PLU bioclimatique de Paris
Premiers décryptages avant concertation et le permis de construire à points
A l’occasion d’une rencontre au Pavillon de l’Arsenal le 24 juin 2022, Emmanuel Grégoire, 1er adjoint d’Anne Hidalgo, a effectué un point d’étape circonstancié sur l’élaboration du futur PLU bioclimatique de la ville de Paris, aidé dans cet exercice par Stéphane Leclerc, directeur de l’urbanisme de la Ville, et Michèle Raunet, notaire associé chez Cheuvreux. Si l’ambition est louable au regard des enjeux climatiques, le chemin pour y parvenir reste semé d’embûches
Si la démarche a été engagée par Emmanuel Grégoire dès le début du deuxième mandat d’Anne Hidalgo, dans le but de la boucler fin 2024, elle se révèle, semble-t-il, encore plus complexe à mener que prévu initialement. Certes, les évolutions techniques, voire juridiques, nécessitent de travailler chaque détail pour s’assurer d’éviter les points bloquants, mais les incertitudes politiques pourraient aussi mettre des bâtons dans les roues de la majorité municipale.

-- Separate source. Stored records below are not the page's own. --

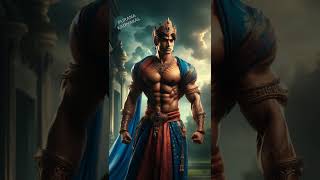 💪 Man who can Finish Mahabharata in 1 minute 💪 mahabharat indianmythology krishna sanatandharma [upl. by Nodnerb]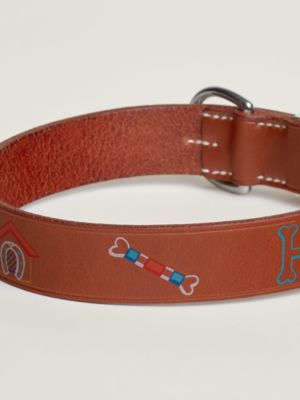 Polisson dog collar, View: Detail, detail, view 3 of 4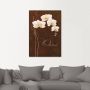 Artland Artprint Fijne orchidee als artprint op linnen poster in verschillende formaten maten - Thumbnail 4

« Entre les hypers environnementalistes qui ne veulent plus construire du tout à Paris et ceux qui veulent créer du logement en libérant les capacités de densification et de surélévation, il se joue une bataille d’équilibre », a reconnu le 1er adjoint de la maire de Paris le 24 juin, lors d’une conférence au Pavillon de l’Arsenal sur l’avancée de l’élaboration du plan local d’urbanisme (PLU) bioclimatique. « Nous sommes dans un moment de cristallisation où il faut mettre en harmonie les divers objectifs et où chacun doit faire des efforts pour les rendre possibles. Et si tel n’est pas le cas, il n’y aura pas de PLU bioclimatique et le PLU actuel fonctionnera encore quelques années », a prévenu Emmanuel Grégoire, qui reste malgré tout « serein et ambitieux ».
« Nous passons à un PLU de dentelle »
Mais pour l’heure, il s’agit surtout de faire de la pédagogie auprès de l’ensemble des parties prenantes de manière à préparer dès à présent la phase de concertation de l’avant-projet du règlement qui sera lancée le 5 septembre pour une durée de deux mois.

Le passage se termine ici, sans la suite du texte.